Since Christmas of 1958 was my last as an only grandchild on Mother’s side, I just happened to have the $3 a Barbie cost, and buy her I did. Mother says considering Cathy was born January 27, 1959, and I got my Barbie within weeks of her birth, she’s sure I had my blonde beauty before April.

She’s also almost positive I had a No. 1 Barbie, the Holy Grail of collectors, the Barbie with the holes in her feet that held her up on a tiny stand – the only model made that way before the switch to the wire under-the-armpits stands.

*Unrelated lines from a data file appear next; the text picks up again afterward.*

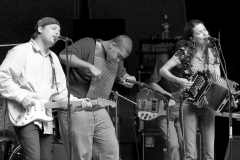 DonnaTheBuffaloIMG_7146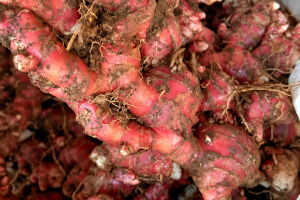 Red Ginger
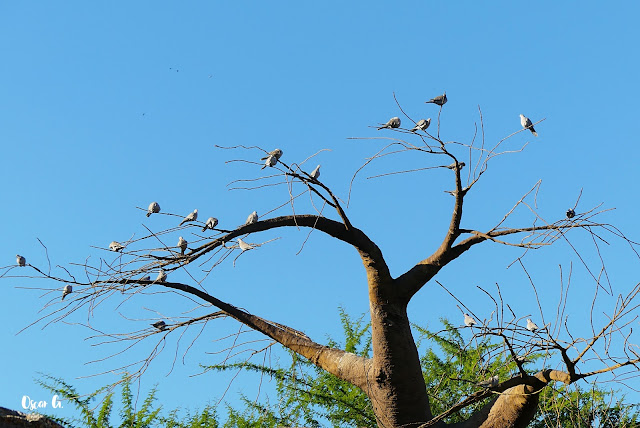 Baoba con palomas posadas en sus ramas 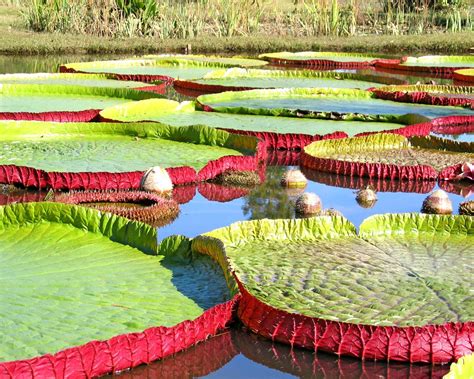 Kenilworth Aquatic Gardens Factbook Pictures Pictures United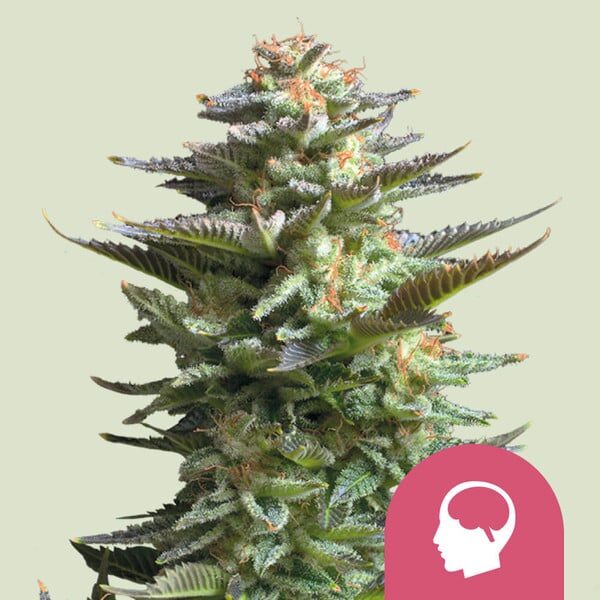 Amnesia Haze feminizada de Royal Queen Seeds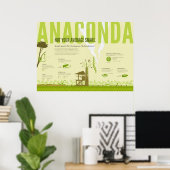 Poster Infographie : Anaconda (Bureau à domicile)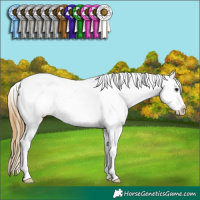 Horse Color:White Spotted Buckskin Appaloosa 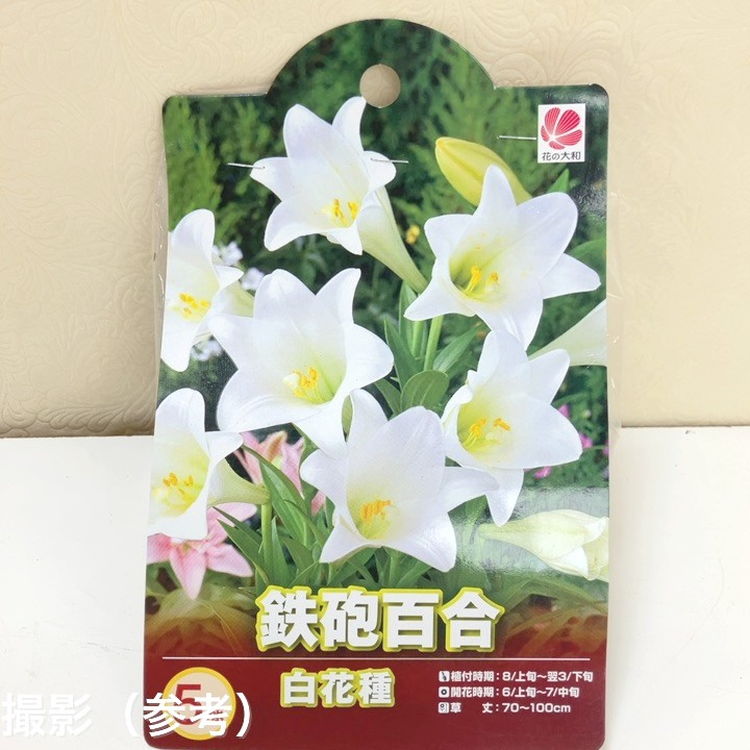 鉄砲百合 白花種 5球入×2袋セット｜球根04-PA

The reason we have to speculate is that my first Barbie was wantonly, deliberately beheaded by a girl who was visiting across the street in late summer of 1961, just before I started first grade. For the early Barbies, heads weren’t readily removable. I don’t know what possessed that girl – or who she was; Mother and I tried and tried to figure that out today, but we can’t remember.

Good thing, or I’d name her here. I think she might have been visiting her grandmother, but whoever she was, she asked to hold my buxom beloved,  then – crack – snapped her head off. I could hear the sound and my heart broke with Barbie’s neck.

I burst into tears and ran crying across the street, my own blonde ponytail flying behind me. “Mooommmmyyyyy!!” We don’t remember if she took any other action, but Mother did take me to the store to buy me a replacement Barbie. Maybe it was too traumatic to go for another blonde, or maybe at almost 6 my preference had just changed, but I got the silky-haired brunette.

Betty Page-raven her hair is. And, though it had gone dull with age, today it’s shiny and sleek again – that’s because last night about 11:30, I shampooed and conditioned her hair.

Let me explain.

We’re launching a super-fab vintage Barbie exhibit at Esse Purse Museum the end of September, so I’ve had Barbie on the brain, between research, talking to Mattel, and sorting through my friend Marsha’s glorious collection of Barbie and friends. That made me decide to face the attic to dig out my Barbie, Midge, Ken, Skipper and my perky mod friend, Francie, Barbie’s younger cousin.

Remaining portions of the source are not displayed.